Calor y café
La mayor parte de los que vivimos en la suficiencia, la miseria ajena solo nos pasa rozando. En cambio, a otros -sean los que fueren, son muchos más de lo admisible- el infortunio les ha golpeado tan de lleno que malviven en la indigencia. Son los despojados por el destino, que de lo único que han ido bien servidos a lo largo de su existencia ha sido de hambre, frío, rechazo y desprecio ajenos.
Aunque habitan en nuestra misma ciudad, podemos, sin mucho esfuerzo, ignorar su existencia. Porque llevamos tan alta la mirada para contemplar todo lo superficial que suele interesarnos que no podemos ver la muchedumbre de desvalidos que se arrastran a nuestros pies.
Si nos topamos con alguno de ellos, solemos, por lo general, ignorarlos y en algunos casos hasta llegar a tener compasión, esto es, hacer brotar de nuestro interior ese «sentimiento de conmiseración y lástima que se tiene hacia quienes sufren penalidades o desgracias».
Pero con ser un sentimiento deseable, la compasión no es el mejor de los posibles, porque denota cierta superioridad en el sujeto que la siente, ya que es tan satisfactoria su situación personal que hasta puede sentir lástima no de las penalidades propias -porque se supone que no las tiene-, sino de las ajenas. Además, ser solamente compasivo supone mantener una actitud de pasividad: nos limitamos a sentir el dolor ajeno y deseamos su alivio.

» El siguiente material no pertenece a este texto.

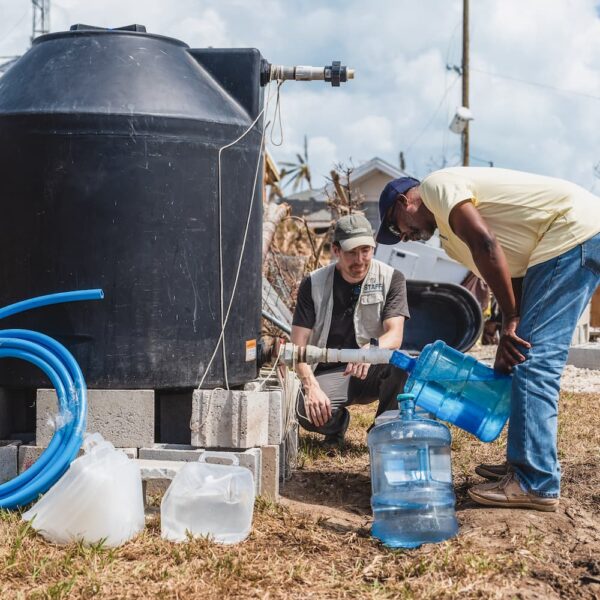 installing clean water in the Bahamas after hurricane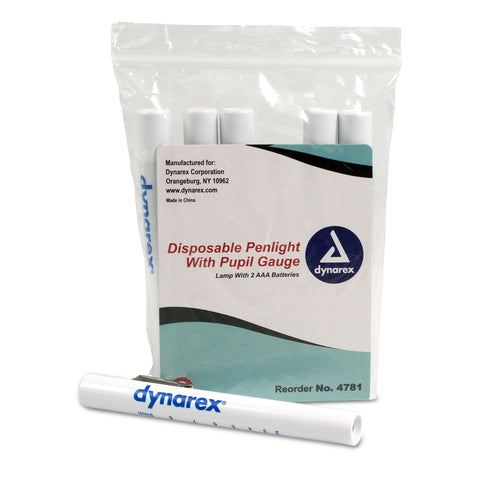 Dynarex Disposable Penlight with Pupil Gauge, 6/Pack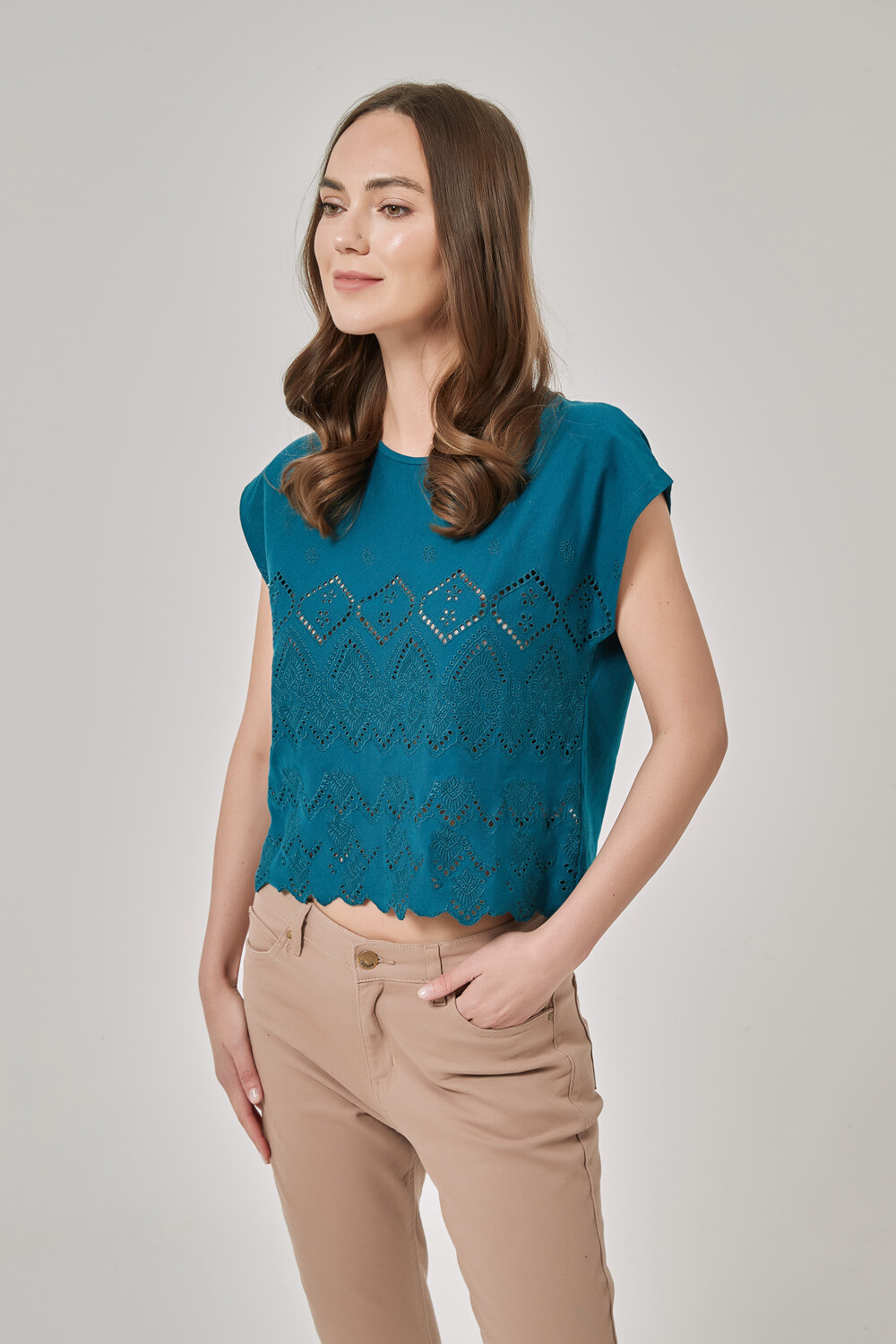 Blusa best sale verde azulado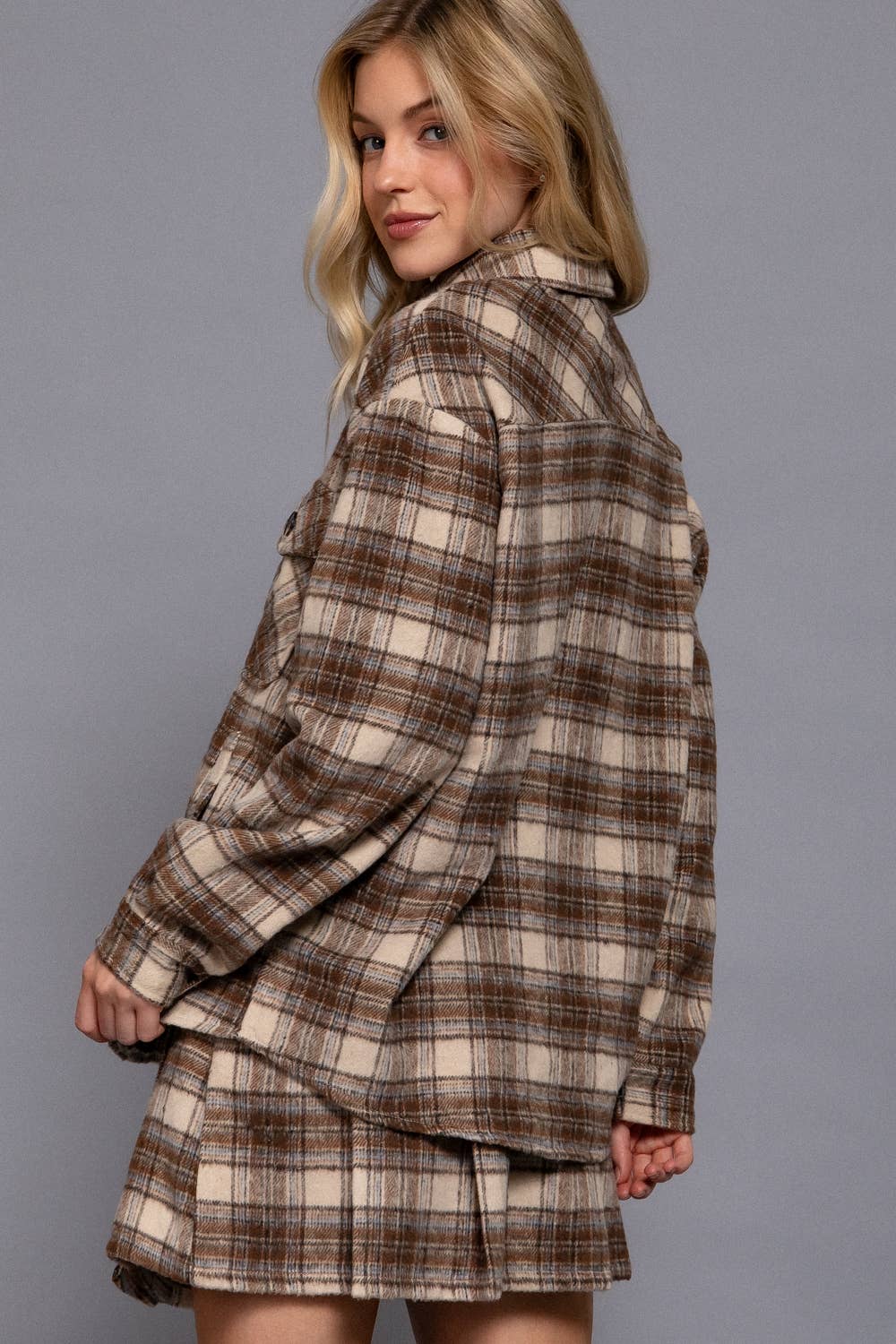 Wool Blend Plaid Jacket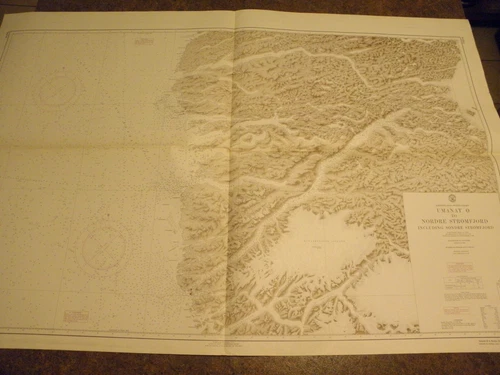  VINTAGE CHART,GREENLAND WEST COAST,UMANAT TO NORDRE STROMFJORD,1960s
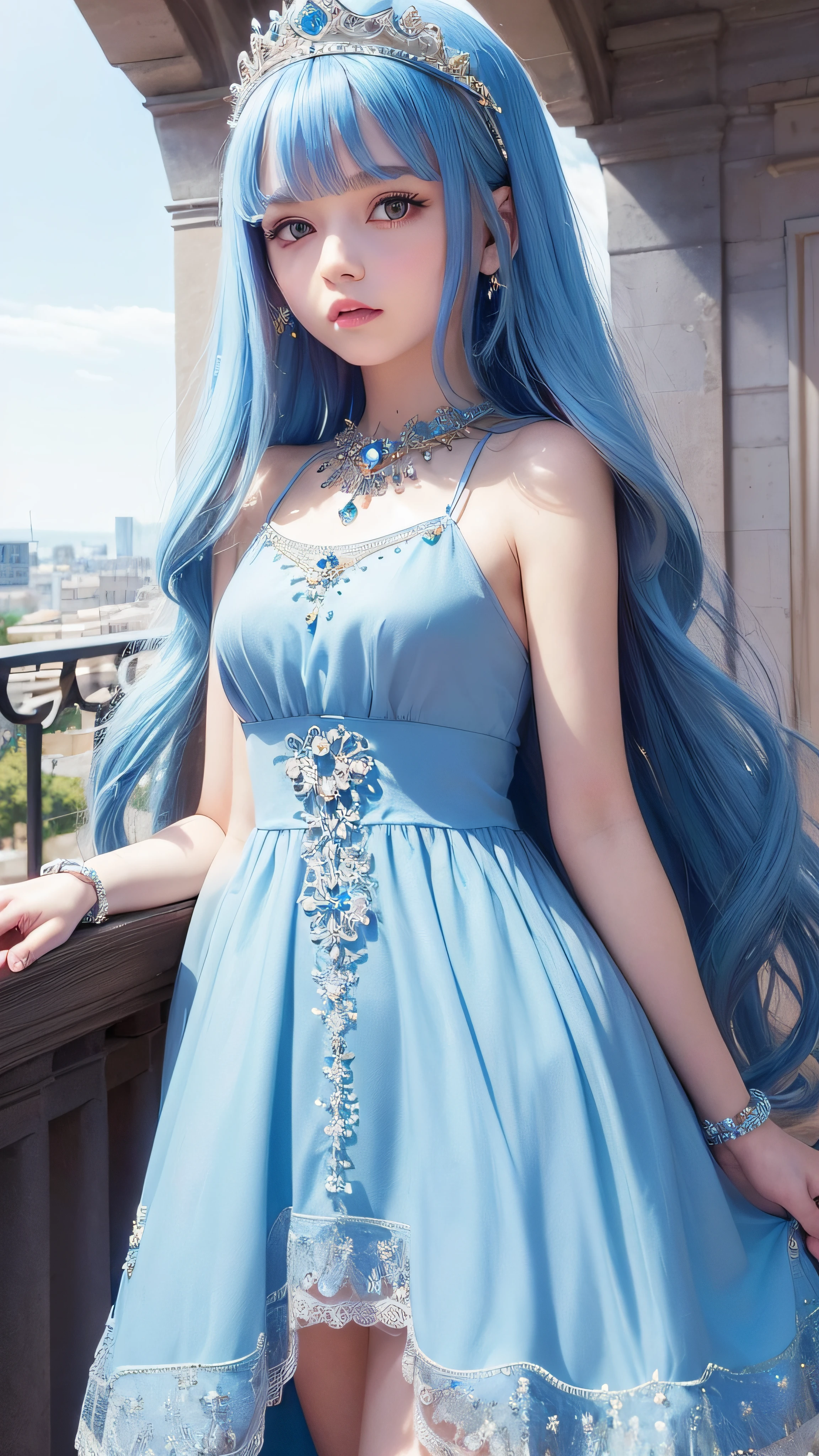 4K ulta hd, masterpiece, 1 girl, good face, very long hair, hair ornament, light makeup, detailed eyes, small round breast, ultra detailed clothes,  (blue princess dress:1.5), lace:1.5, (shining dress:1.8), strap dress, necklace, jewellery, amazing balcony background,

Por eso, creo que el sentimiento que hay que tener respecto de los que están en la miseria es el de compatía, que quiere decir «sentir o padecer con otro». Se trata, en definitiva, de un sentimiento que encaja más en la primera acepción del verbo compadecer «compartir la desgracia ajena», que en su segunda significación de «sentir lástima o pena por la desgracia o el sufrimiento ajenos». Y es que la idea de «padecer con otro», «compartir su desgracia», implica un mayor grado de implicación en el compadeciente y revela una actitud positiva de «hacer algo» para mitigar la miseria ajena.
Hay instituciones admirables en toda Galicia -algunas bastante desconocidas para una buena parte de los gallegos- que actúan con verdadera compatía hacia ese número cada vez más creciente de los desfavorecidos.

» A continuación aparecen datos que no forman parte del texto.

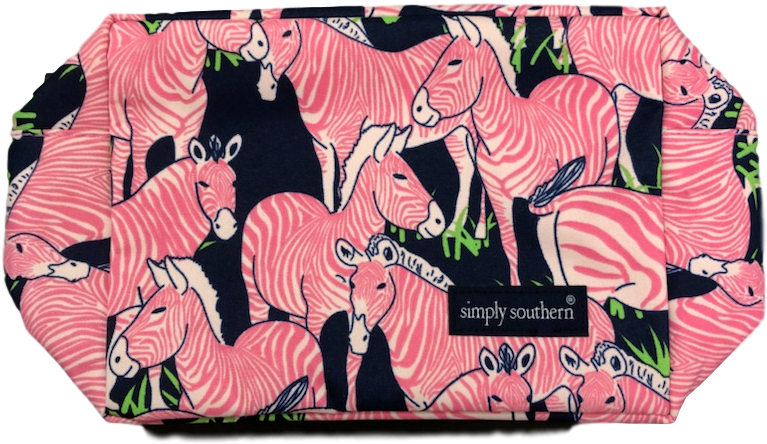 Simply Southern Pink Zebra Cosmo Bag - Simply Southern Zebra Lunch Bag/pink (800x800), Png Download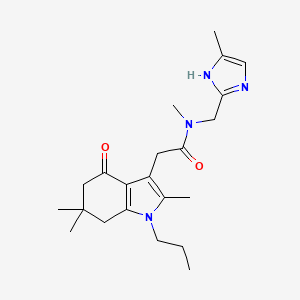 molecular formula C22H32N4O2 B3986854 N-methyl-N-[(5-methyl-1H-imidazol-2-yl)methyl]-2-(2,6,6-trimethyl-4-oxo-1-propyl-5,7-dihydroindol-3-yl)acetamide 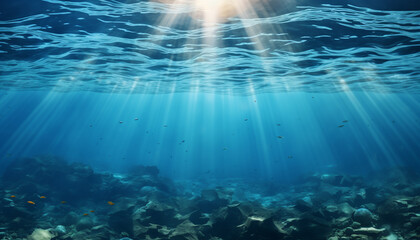 Fototapeta na wymiar Underwater fish swim in blue sea, nature tranquil beauty generated by AI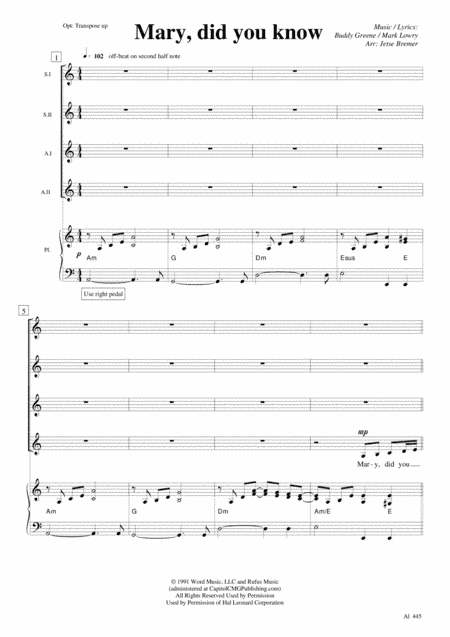 Mary, Did You Know? (arr. Jetse Bremer)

Pero, entre ellas, me permito hacer una mención especial de la Institución Benéfico-Social Padre Rubinos, por la extraordinaria labor que viene desarrollando, sobre todo, como albergue de los sin techo. En esta maravillosa institución, los desheredados de la fortuna -en un número creciente que ya supera con exceso el centenar- encuentran cada atardecer alimento, ropa, techo nocturno, e incluso talleres para aprender un oficio.
Con ello, estoy seguro de que se ha evitado que más de uno de esos «poseedores de la nada» haya dado el salto irremediable al abismo al que aboca la más extrema desesperación. Su programa Calor y Café, proporciona a esos desvalidos afecto, cariño, cercanía, y en lo material todo lo necesario para salir cada día a soportar con sorprendente dignidad su lacerante situación.